Cometa è una disamina urbana attenta e minuziosa, più attuale che mai nel periodo in cui
le dimensioni della crisi economica e sociale stanno producendo i loro effetti più efferati in
tema di disuguaglianze. In “Cometa” coesistono il dialogo con gli emarginati ed una velata e
bonaria denuncia alle istituzioni, ma è soprattutto un inno alla capacità di far fronte avversità
uscendone rafforzati a seguito di un evento critico negativo.


Secondo te, da questa situazione abbiamo l’opportunità di uscirne migliori o ne usciremo più
alienati?


Le possibilità sono al 50%, nel senso che una buona percentuale finirà per estraniarsi,
mentre un’altra metà troverà la forza di reagire e ne uscirà rafforzato. Qualcuno si
arricchirà e qualcuno si impoverirà. Dipenderà molto dalle circostanze.


Ma voi non siete certo principianti nei temi di analisi sociale. Infatti, nel 2013 usciva “Ancora
Ridi”, un progetto in cui si parla di usura, povertà e precariato.
Com’è cambiata Roma in questi nove anni?


La percezione che ho io, Daniele Coccia, è di peggioramento progressivo, dal punto di vista
sociale, ma anche culturale ed economico. Il verde pubblico è in estinzione, il degrado è
sempre più esteso e la disoccupazione è a livelli altissimi. Un dramma che si dirama in molti
ambiti.


C’è stata una forte contrazione salariale, come attesta il rapporto di Roma Capitale del 2021,
purtroppo.


Nel 2016 usciva Figli come noi, una canzone contro gli abusi in “divisa”. Canzone che è
arrivata anche in finale per il “Premio Amnesty International 2016”. Dal G8 di Genova, al
caso Aldrovandi, Magarini, e poi Stefano Cucchi e fino al caso più recente della Caserma di
Piacenza; dopo 30 anni di dibattito politico e sociale, nel 2017 è stato approvato il reato di
tortura, che nella nostra Costituzione è interessato ancora da numerosi limiti che lo rendono
inapplicabile in moltissimi casi, non trattandosi di un reato specifico, come ci contestano
l’ONU e la Corte Europea stesse, ascrivibile a chiunque.

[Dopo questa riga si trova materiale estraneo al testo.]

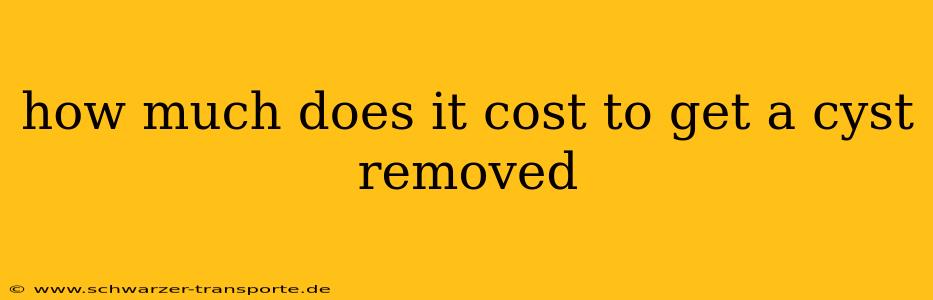 how much does it cost to get a cyst removed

Tu pensi che sia corretto affermare che alla mancanza di giustizia, corrisponda in egual
misura una mancanza di indignazione da parte dell’opinione pubblica, in Italia?

Concordo pienamente. Oltre alla mancata indignazione da parte dell’opinione pubblica,
credo sia da tenere in forte considerazione anche la volontà politica di fare certe scelte.
Dinanzi ad una legge del genere, purtroppo, la mancata applicazione è da perseguire come
egualmente criminale.


Tornando all’imminente nuovo progetto de Il muro del canto, quali anticipazioni puoi darci?


Noi abbiamo tutto il materiale pronto, ci manca soltanto la registrazione in studio che, a
causa delle norme anti-Covid19 e del gran numero dei componenti della band, purtroppo continua
a slittare. Spero che riusciremo a farlo il prima possibile, ma purtroppo non abbiamo una
data certa perché siamo tutti in attesa di capire come si evolverà la situazione pandemica.
Sicuramente l’album sarà pubblicato nel 2022.


In regime di ascesa dei contagi da Covid-19 ed in vista delle nuove restrizioni, avete in
progetto tour o concerti per il 2022?


Noi in verità avevamo la volontà di suonare, anche a ridosso del disco, quindi, qualora si
possa fare ci proveremo. Abbiamo una data a Bologna, il 22 Aprile, sperando che si
concretizzi, è il secondo anno che ci proviamo, quindi sarebbe davvero bello.”


Allora speriamo di poterci vedere presto in giro. In bocca al lupo per il nuovo singolo e per
l’album in fase di ultimazione. Buon anno!


Grazie a te di tutto. E auguri di buon anno!